In the documentary “COVID and the Vaccine: Truth, Lies and Misconceptions Revealed,” Stockton made the unfounded claim that more than 100 professional athletes have died from the COVID-19 vaccine. 

“I think it’s highly recorded now, there’s 150 I believe now, it’s over 100 professional athletes dead – professional athletes – the prime of their life, dropping dead that are vaccinated, right on the pitch, right on the field, right on the court,” Stockton said in the interview.

In an interview with The Spokesman-Review, Stockton said that the university received several complaints regarding his unwillingness to wear a mask at Gonzaga basketball games. 

“Basically, it came down to, they were asking me to wear a mask to the games and being a public figure, someone a little bit more visible, I stuck out in the crowd a little bit,” Stockton said. “And therefore they received complaints and felt like from whatever the higher-ups – those weren’t discussed, but from whatever it was higher up – they were going to have to either ask me to wear a mask or they were going to suspend my tickets.”

The university put out a statement regarding the indoor mask mandate, but did not mention Stockton by name. 

“Gonzaga University continues to work hard to implement and enforce the health and safety protocols mandated by the State and by University policy, including reinforcing the indoor masking requirement. Attendees at basketball games are required to wear face masks at all times,” the statement read. “We will not speak to specific actions taken with any specific individuals. We take enforcement of COVID-19 health and safety protocols seriously and will continue to evaluate how we can best mitigate the risks posed by COVID-19 with appropriate measures. The recent decision to suspend concessions in McCarthey Athletic Center is an example of this approach.”

“Gonzaga University places the highest priority on protecting the health and safety of students, employees and the community,” the statement added.

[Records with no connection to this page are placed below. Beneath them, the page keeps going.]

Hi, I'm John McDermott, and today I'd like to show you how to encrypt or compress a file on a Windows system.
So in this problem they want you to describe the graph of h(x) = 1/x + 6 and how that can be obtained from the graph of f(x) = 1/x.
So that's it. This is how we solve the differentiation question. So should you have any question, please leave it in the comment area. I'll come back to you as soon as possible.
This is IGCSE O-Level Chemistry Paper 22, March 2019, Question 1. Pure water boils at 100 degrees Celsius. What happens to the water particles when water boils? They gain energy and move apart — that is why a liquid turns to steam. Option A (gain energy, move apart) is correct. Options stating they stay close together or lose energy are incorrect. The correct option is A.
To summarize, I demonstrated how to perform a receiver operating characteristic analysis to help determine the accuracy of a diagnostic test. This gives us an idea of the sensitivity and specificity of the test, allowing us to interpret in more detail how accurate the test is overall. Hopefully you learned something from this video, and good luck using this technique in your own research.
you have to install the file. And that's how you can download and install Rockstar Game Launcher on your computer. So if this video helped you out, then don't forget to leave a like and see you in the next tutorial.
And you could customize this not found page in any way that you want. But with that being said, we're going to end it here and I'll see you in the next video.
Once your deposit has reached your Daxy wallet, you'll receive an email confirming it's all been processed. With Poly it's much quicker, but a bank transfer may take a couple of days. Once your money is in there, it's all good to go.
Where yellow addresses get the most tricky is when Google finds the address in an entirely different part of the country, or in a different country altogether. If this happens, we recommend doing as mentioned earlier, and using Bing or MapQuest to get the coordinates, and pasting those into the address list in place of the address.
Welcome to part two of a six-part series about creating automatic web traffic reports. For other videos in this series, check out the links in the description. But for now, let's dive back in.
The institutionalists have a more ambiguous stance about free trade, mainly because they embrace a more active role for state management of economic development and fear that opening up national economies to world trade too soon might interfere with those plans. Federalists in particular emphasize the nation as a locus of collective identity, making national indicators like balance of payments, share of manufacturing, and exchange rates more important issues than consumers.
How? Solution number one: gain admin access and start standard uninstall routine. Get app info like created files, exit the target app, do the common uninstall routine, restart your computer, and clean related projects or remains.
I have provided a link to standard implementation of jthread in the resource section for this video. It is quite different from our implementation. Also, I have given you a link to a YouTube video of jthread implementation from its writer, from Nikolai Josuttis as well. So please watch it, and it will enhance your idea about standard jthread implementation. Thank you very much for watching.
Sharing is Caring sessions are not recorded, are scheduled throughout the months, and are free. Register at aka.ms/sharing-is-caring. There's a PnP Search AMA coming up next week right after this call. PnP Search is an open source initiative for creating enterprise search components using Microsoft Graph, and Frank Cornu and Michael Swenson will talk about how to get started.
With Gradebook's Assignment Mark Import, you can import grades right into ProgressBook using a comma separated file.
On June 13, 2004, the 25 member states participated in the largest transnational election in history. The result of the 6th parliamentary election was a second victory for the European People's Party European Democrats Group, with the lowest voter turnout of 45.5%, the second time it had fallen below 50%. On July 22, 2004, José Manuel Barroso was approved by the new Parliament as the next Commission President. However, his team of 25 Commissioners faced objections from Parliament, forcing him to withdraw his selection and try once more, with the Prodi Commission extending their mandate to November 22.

Stockton played for Gonzaga from 1980-1984, averaging 12.5 points, 5.2 assists and 2.4 steals per game. He went on to have a Hall of Fame career in the NBA, playing for the Utah Jazz for 19 seasons, and is the NBA’s all-time leader in career assists with 15,806. 

Stockton told the Spokesman-Review that he hopes to retain a relationship with the university. 

“There’s probably a lot of different directions this can go, and I think time will tell on all of that,” he said. “My focus is to maintain that relationship, as is theirs. They’ve made it very clear that we’re important to each other and I don’t think that’s going to change. However, there are some absolute impasses that we’re going to figure out.”

“I’ve been around here a long time, so I don’t expect things to linger, whatever they may be,” he added.